EXERCISE DIRECTIONS:
Please keep pictures out and return the lines below exactly, from the one holding "画像をギャラリービューアに読み込む, CDでーた 1999年" through the last, both included.

RECORDED DATA:

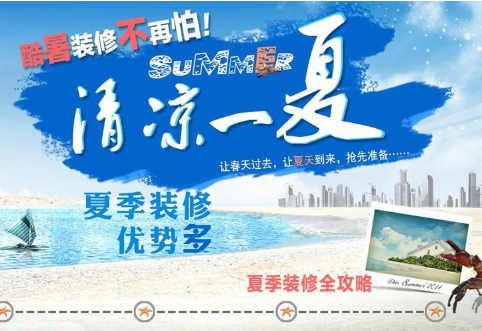 深圳装饰公司教你快速了解夏日装饰的优点与注意事项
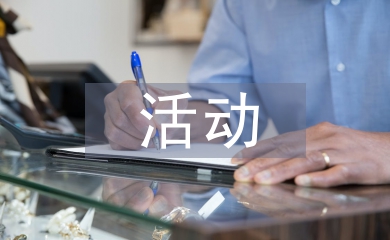 優(yōu)秀團日活動申報材料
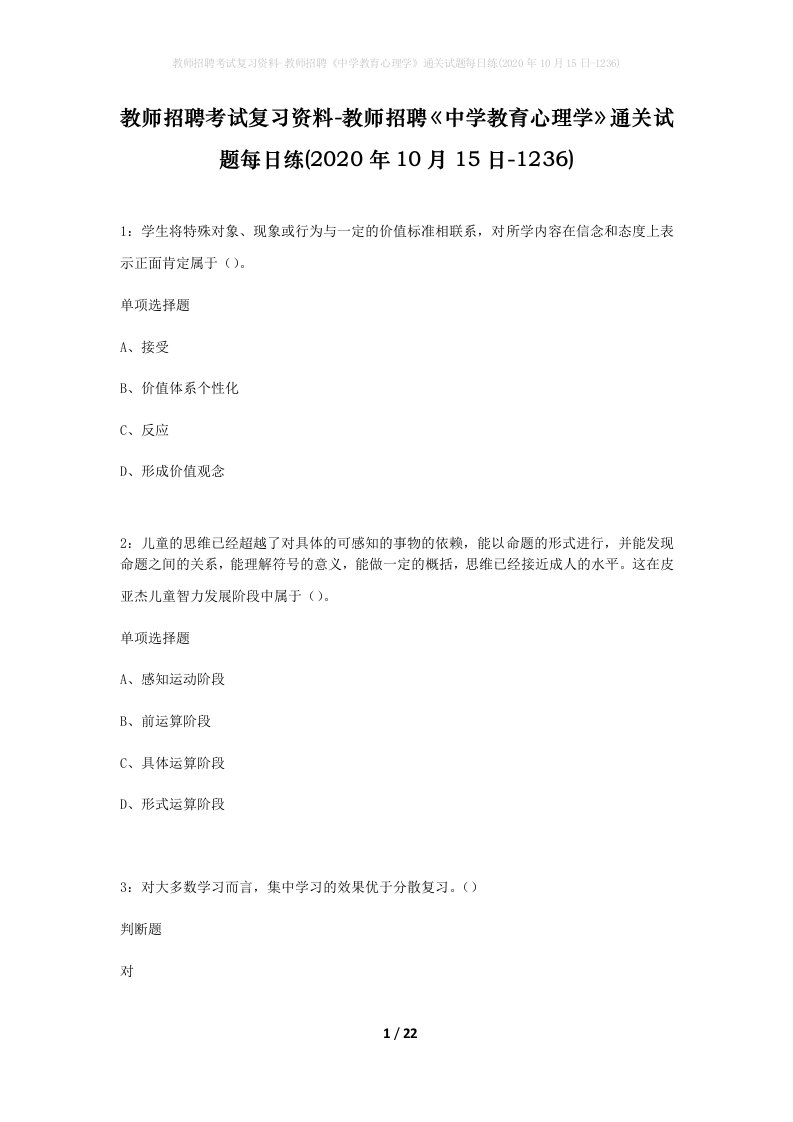 教师招聘考试复习资料-教师招聘中学教育心理学通关试题每日练2020年10月15日-1236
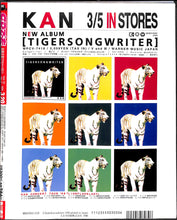 画像をギャラリービューアに読み込む, CDでーた 1999年 3月20日号 /SHAZNA 森高千里 奥田民生 福山雅治 ZARD LUNA SEA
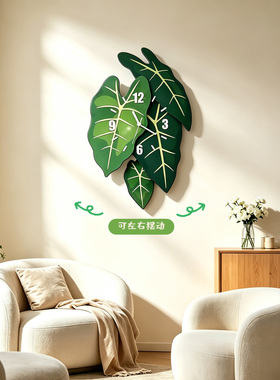 热带绿叶植物静音热带绿植物静音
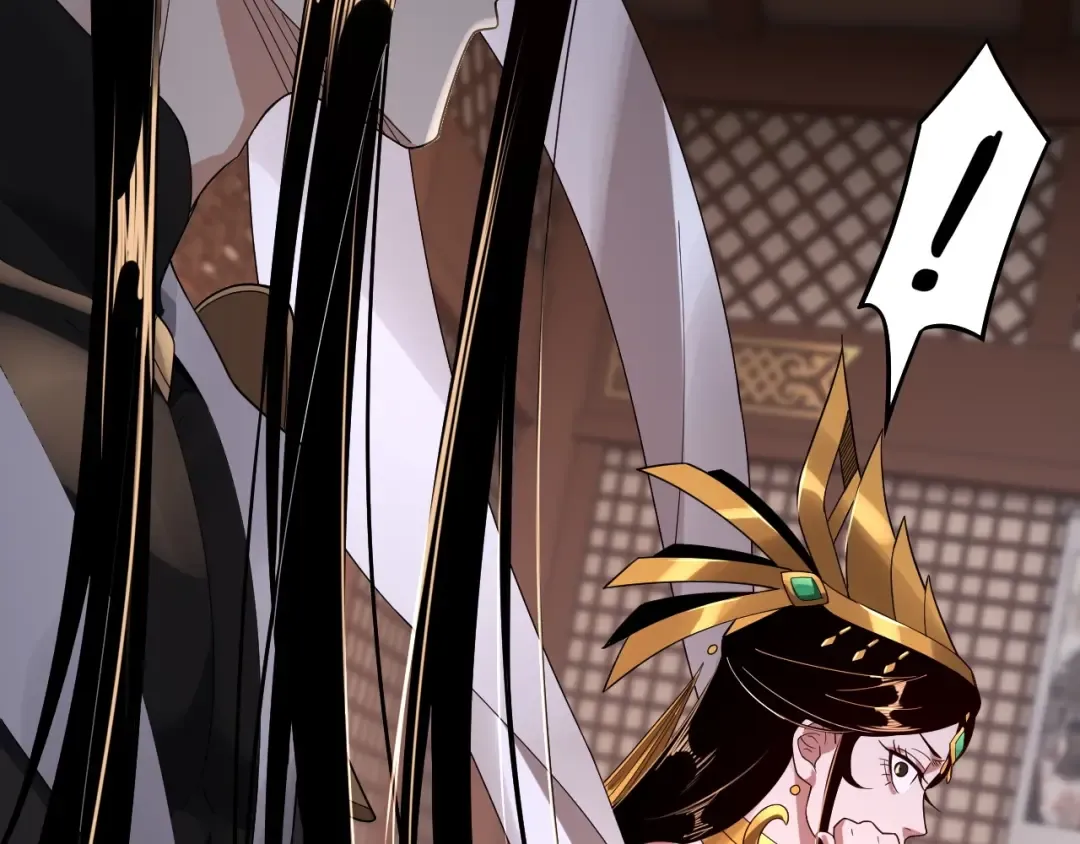 第48话 祸水东引！ 第99页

EXERCISE RESULT:
 画像をギャラリービューアに読み込む, CDでーた 1999年 3月20日号 /SHAZNA 森高千里 奥田民生 福山雅治 ZARD LUNA SEA
 热带绿叶植物静音热带绿植物静音
 第48话 祸水东引！ 第99页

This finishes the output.